BRIEF:
Exclude the pictures from your copy, and reproduce each entry below verbatim.

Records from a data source
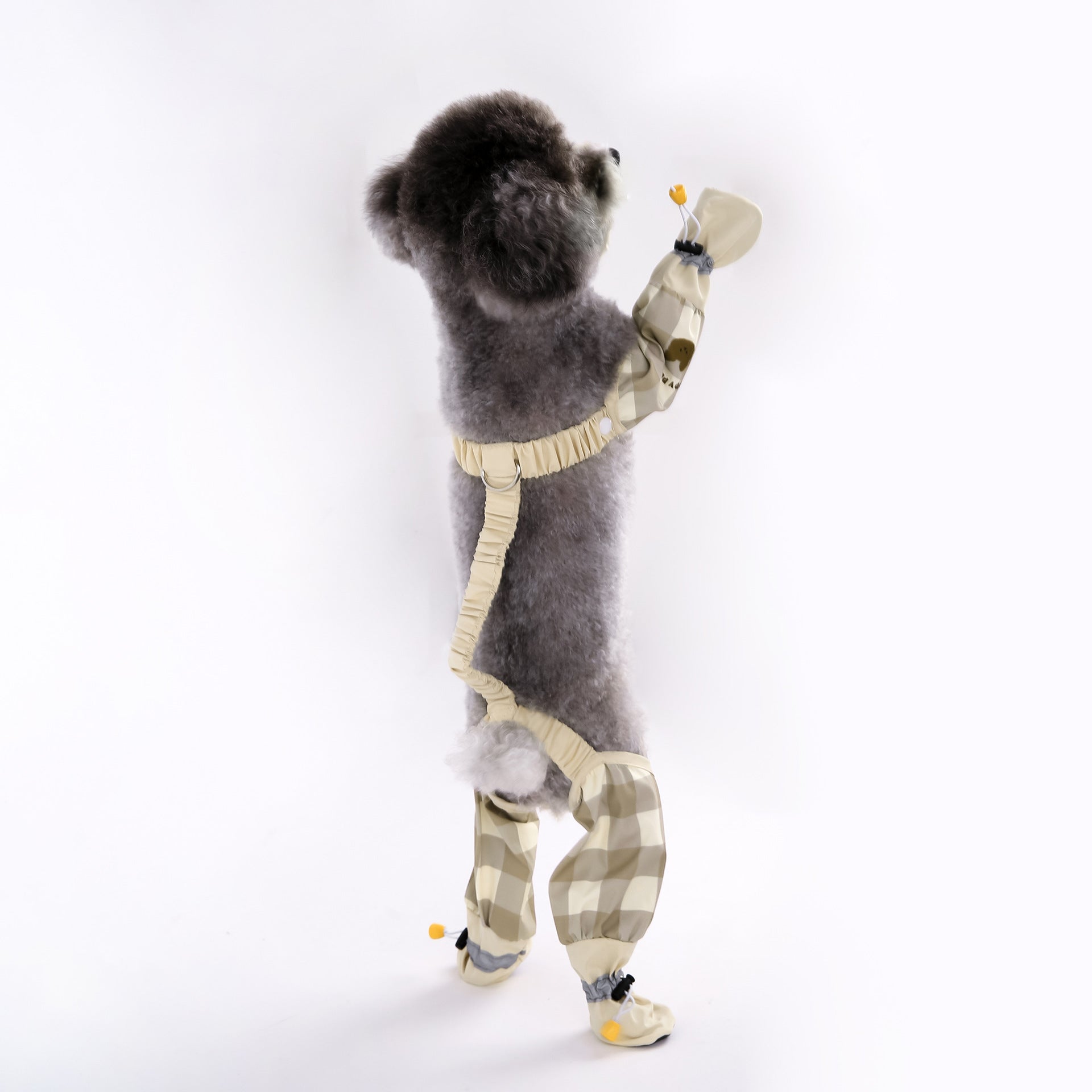 HKM-2609597 Beige and Brown Striped Dog Dustproof Pants for Autumn and Winter, Sizes S to XXL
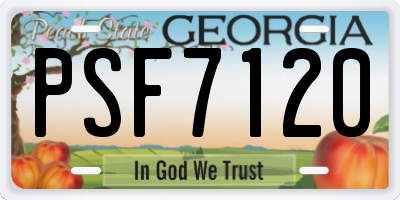GA license plate PSF7120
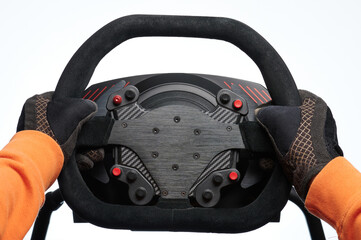 Black alcantara sport steering wheel - obrazy, fototapety, plakaty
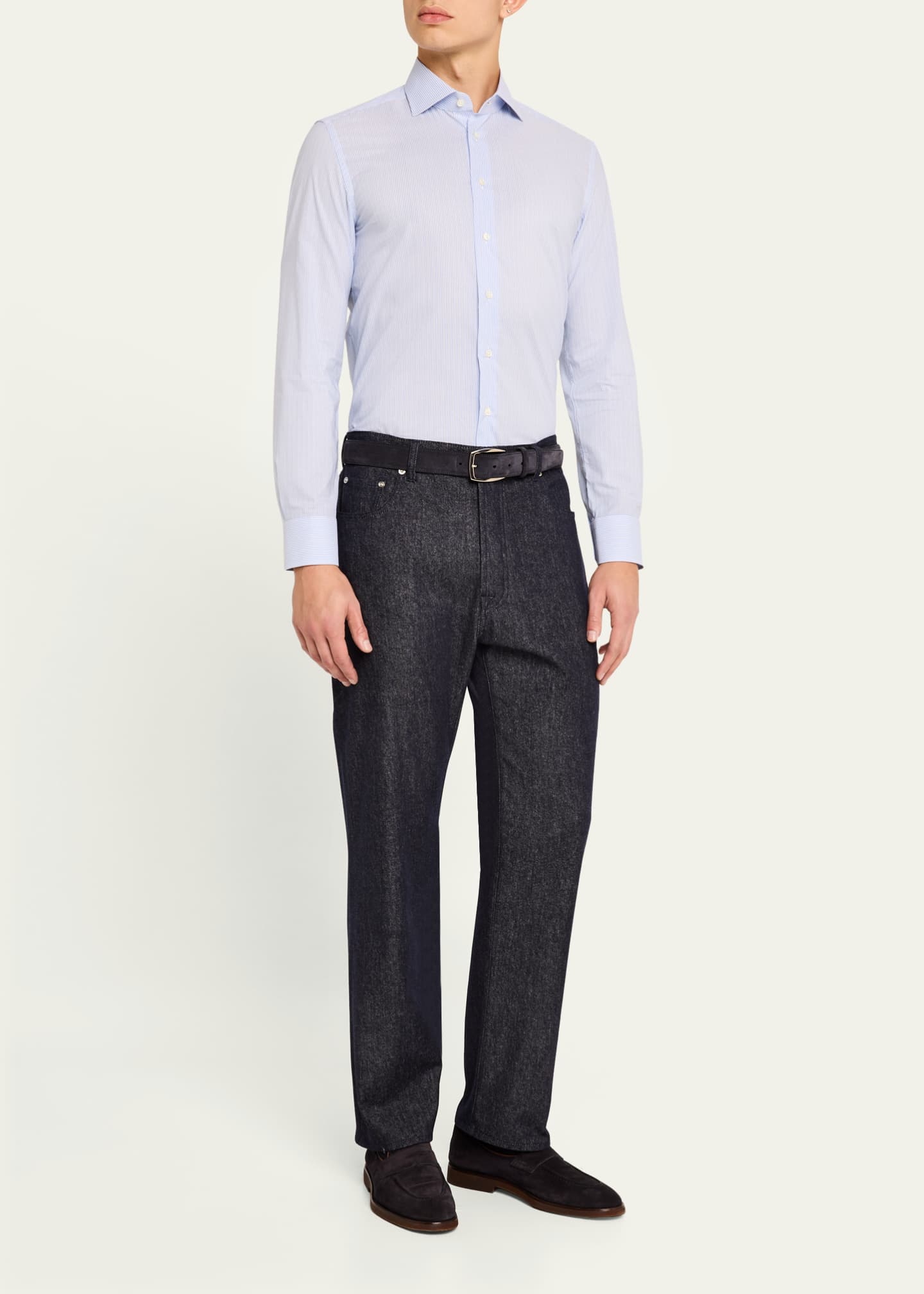Emanuele Maffeis Men's Cotton Bengal Stripe Dress Shirt Image 2 of 5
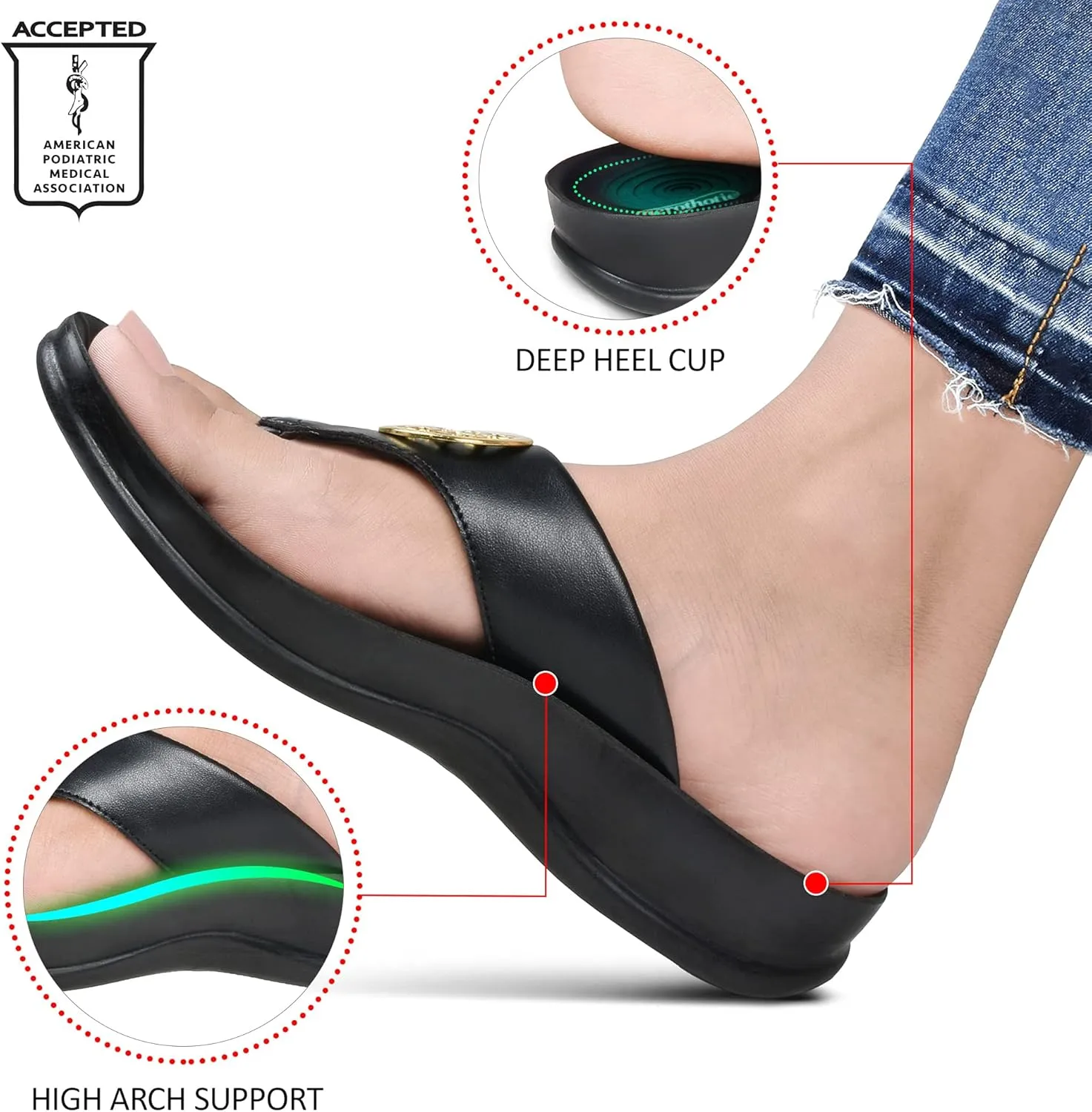 AEROTHOTIC Arch Supportive Strappy Orthotic Comfortable Flip Flops Cushion Soft Toe Post Non-Slip Summer Casual Travel Walking Thong Sandals Women Beach Essentials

SOLVED EXERCISE:
 HKM-2609597 Beige and Brown Striped Dog Dustproof Pants for Autumn and Winter, Sizes S to XXL
GA license plate PSF7120
 Black alcantara sport steering wheel - obrazy, fototapety, plakaty
Emanuele Maffeis Men's Cotton Bengal Stripe Dress Shirt Image 2 of 5
 AEROTHOTIC Arch Supportive Strappy Orthotic Comfortable Flip Flops Cushion Soft Toe Post Non-Slip Summer Casual Travel Walking Thong Sandals Women Beach Essentials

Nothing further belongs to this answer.